━━ Extracted information

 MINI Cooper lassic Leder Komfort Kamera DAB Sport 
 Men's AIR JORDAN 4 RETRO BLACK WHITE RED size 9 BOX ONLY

━━━━
━━ Extracted information

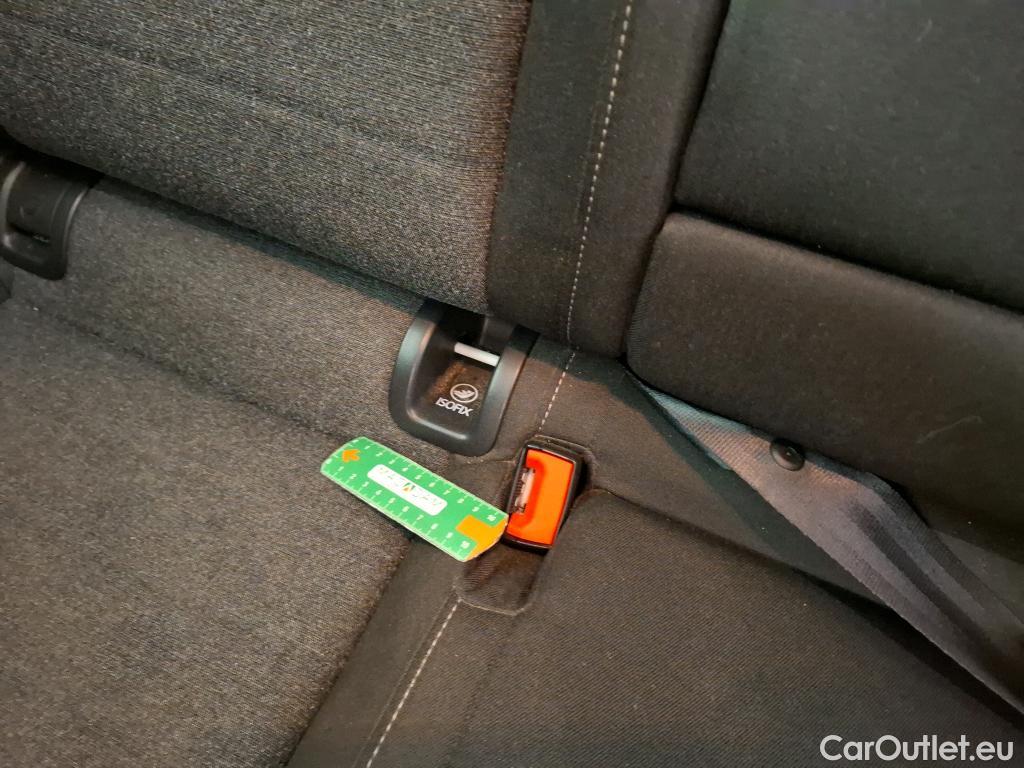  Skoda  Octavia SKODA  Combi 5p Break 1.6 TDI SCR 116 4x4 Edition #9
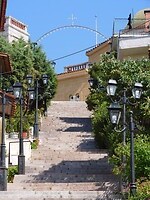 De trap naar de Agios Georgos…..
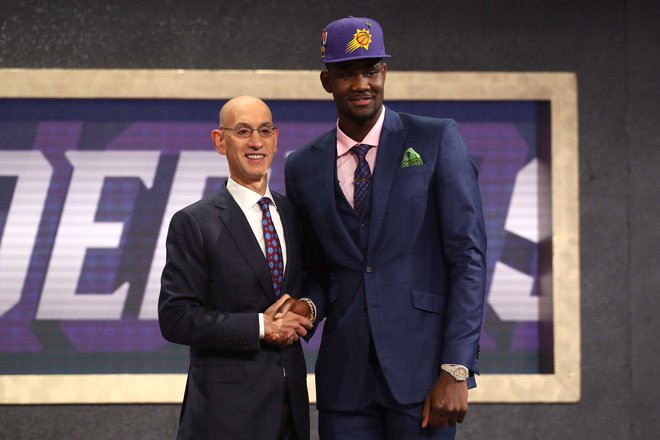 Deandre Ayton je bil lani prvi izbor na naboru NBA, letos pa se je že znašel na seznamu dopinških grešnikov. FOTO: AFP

━━━━
━━ Extracted information

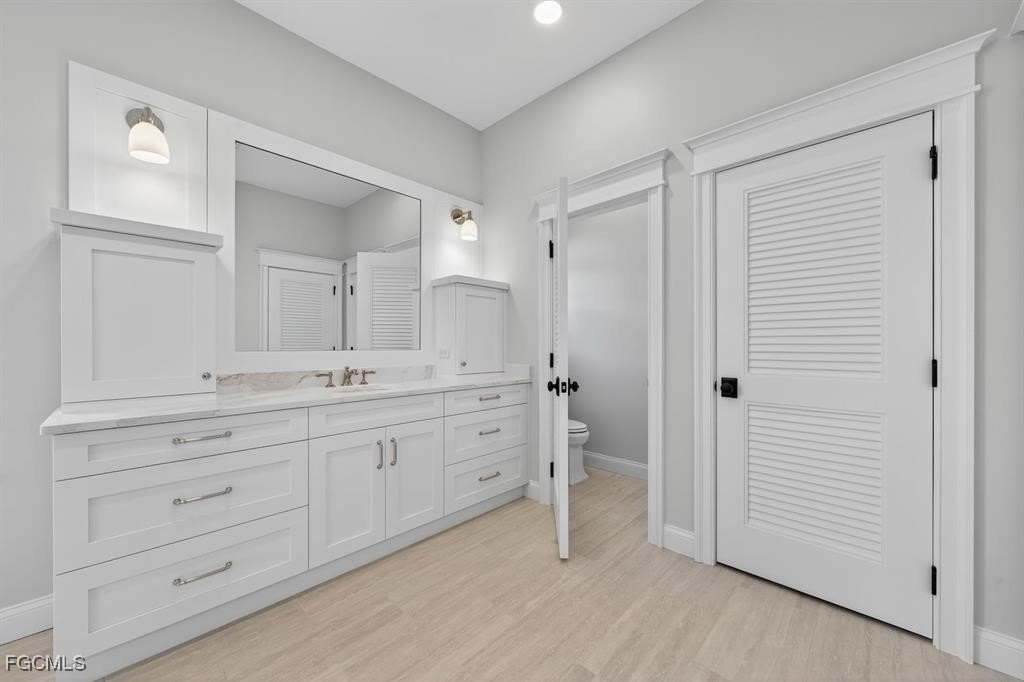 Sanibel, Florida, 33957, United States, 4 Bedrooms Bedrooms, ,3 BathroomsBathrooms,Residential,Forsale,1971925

━━━━

Which lines run from the one holding "MINI Cooper lassic" through the one holding "Men's AIR JORDAN" in the records above? Repeat them exactly, both included, and nothing more.

 MINI Cooper lassic Leder Komfort Kamera DAB Sport 
 Men's AIR JORDAN 4 RETRO BLACK WHITE RED size 9 BOX ONLY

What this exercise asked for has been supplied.